How savvy are cannabis consumers when it comes to knowing about different strains?
“They are not as savvy as we would want them to be, but they are definitely more savvy than they were five years ago,” said Serge. “Consumers are still talking about their perceived values of different strains, without realizing that a majority of them are hybrids. There are no specifically unique indicas or sativas—there are indica or sativa-dominant hybrids because a lot of the cannabis genetics in the country are all mixed and there was no uniform approach to market them. So, yes, there is a long way to go as far as us educating the consumer. There is still a lot of work to be done.”
What demographic do you see having the most growth? Hipsters? Oldsters? Soccer moms?
“Seniors and soccer moms,” said Serge. “Hipsters have been puffing away and legalization is just another opportunity for them to experience new ways of consuming and new, improved technological advances. Baby boomers are a massive demographic! We would love for them to start participating in using cannabis. They are the largest demographic in the country. As more of the industry develops and people can buy cannabis discreetly to use in the safety of their homes, I believe more of [them] will be big participants.”
What new challenges will the industry face going forward?
“Challenges are the continued regulations, the unknown of the federal legalization, and [the fact] that we are not in a competitive state,” said Serge. “Americans are competitive people and now our hands are tied. Canadians have all the funding in the world. Compare our industry to the stock deals done out of Canada. Just think about it. They are coming across the border and are able to accumulate resources and opportunities on our land. All of this is strictly funded by privateers, by people with savings and reinvested earnings. This is an unfair competitive landscape and I hate the sound of it. We are the ones who are pioneering the industry in Colorado and California and it turns out to be like an old joke—pioneers get shot and settlers are the ones who are making money! It’s not good.”
Will the market favor dispensaries or delivery?
“I believe that there will be an online presence where the consumer will be educated just like in any other goods or service industry. Then there will be the consumer who would like to go and actually chat with people who are in the know and in the action, just like you would go and select your wines. In this instance, you go into the store that has a great selection of brands and you will find two or three bottles that you really like, but this does not mean that you would not on occasion order them online just for the convenience of your day to day life. I believe it will be a healthy combination of the two, and it’s for the better.”
What do you know now that you wish you had known when you started?

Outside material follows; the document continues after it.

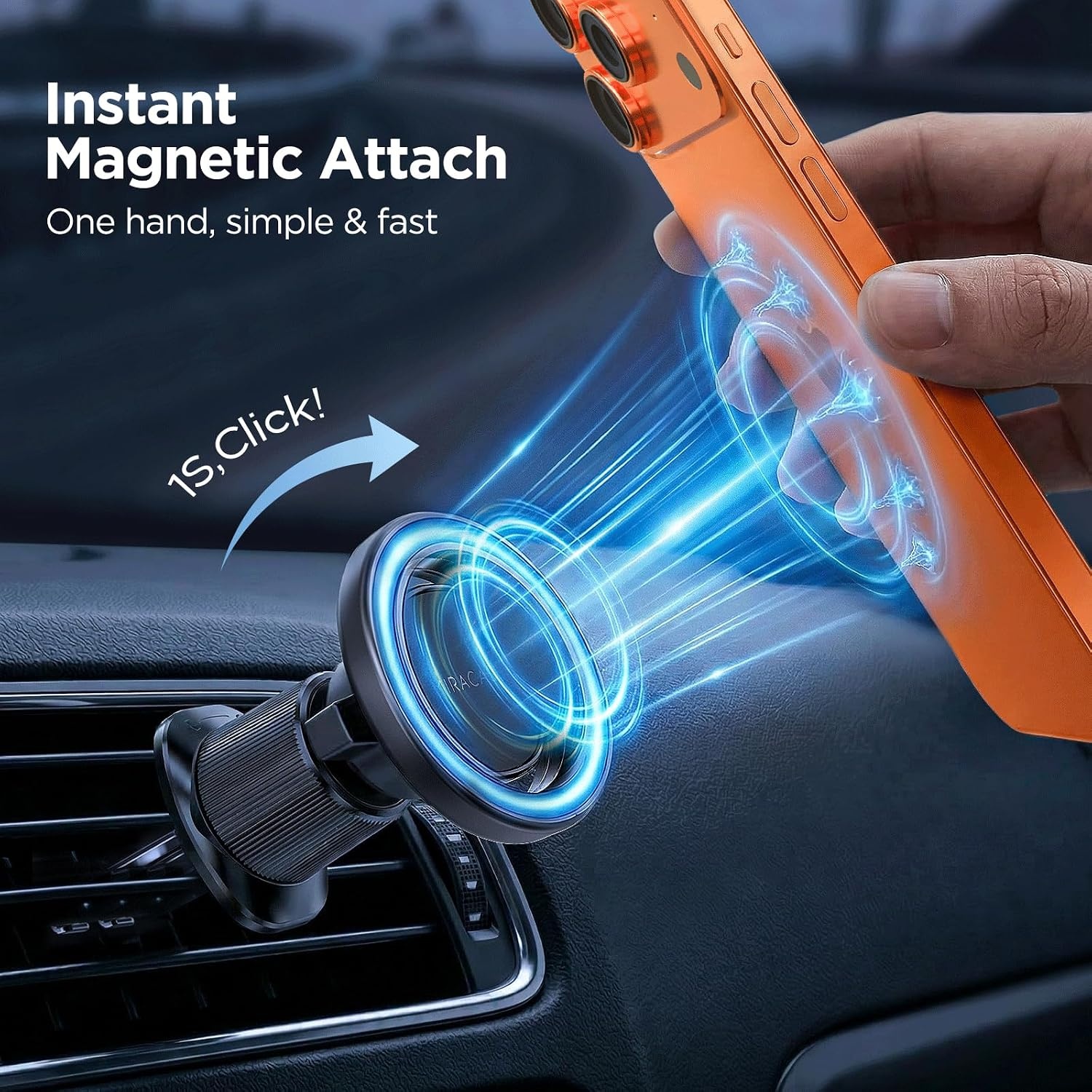 image:imageMiracase Car Phone Holder for Magsafe Strong Magnets Magnetic Phone Holders for Your Car 360Adjustable Air Vent Hands Free Cell Phone Mount Cradle Fit iPhone 1712 amp All Smartphones Carbon FiberDark Black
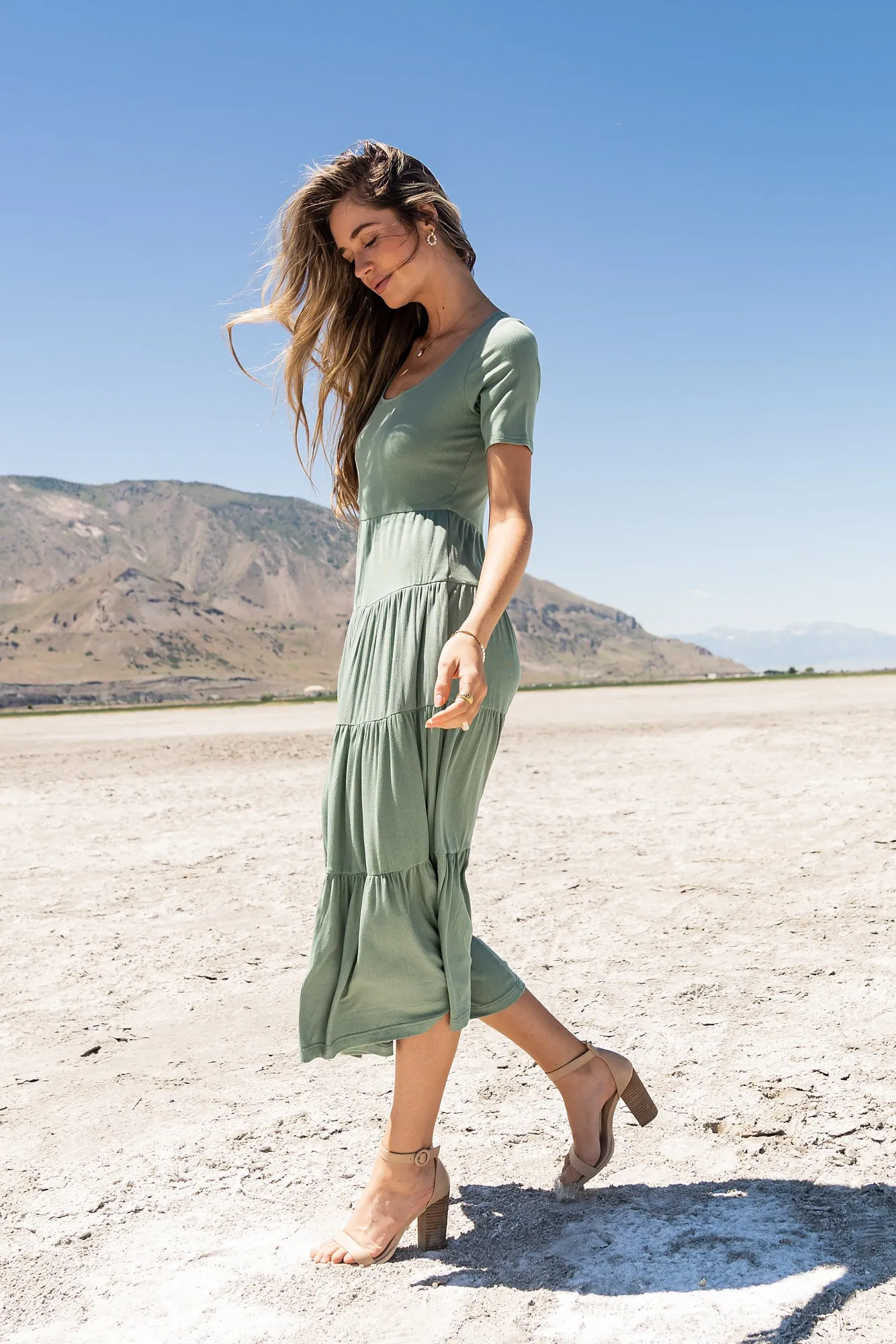 McKayla Tiered Dress in Sage - FINAL SALE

“What I know now that I wish I had known when I was starting is that regulations would continue to change. I understand that the government is trying to find their footing, but because of this the manufacturers and logistical personnel need to continue changing packaging and labeling and adjusting how we bring our product to the market. That would have been helpful to know and I would have thought by now that the banking system would be more available to the cannabis industry as well, but that is still not happening. Other than that, our expectations were very limited, because starting in the industry was a freedom and an opportunity to finally do what we are passionate about and share that with the rest of the world.”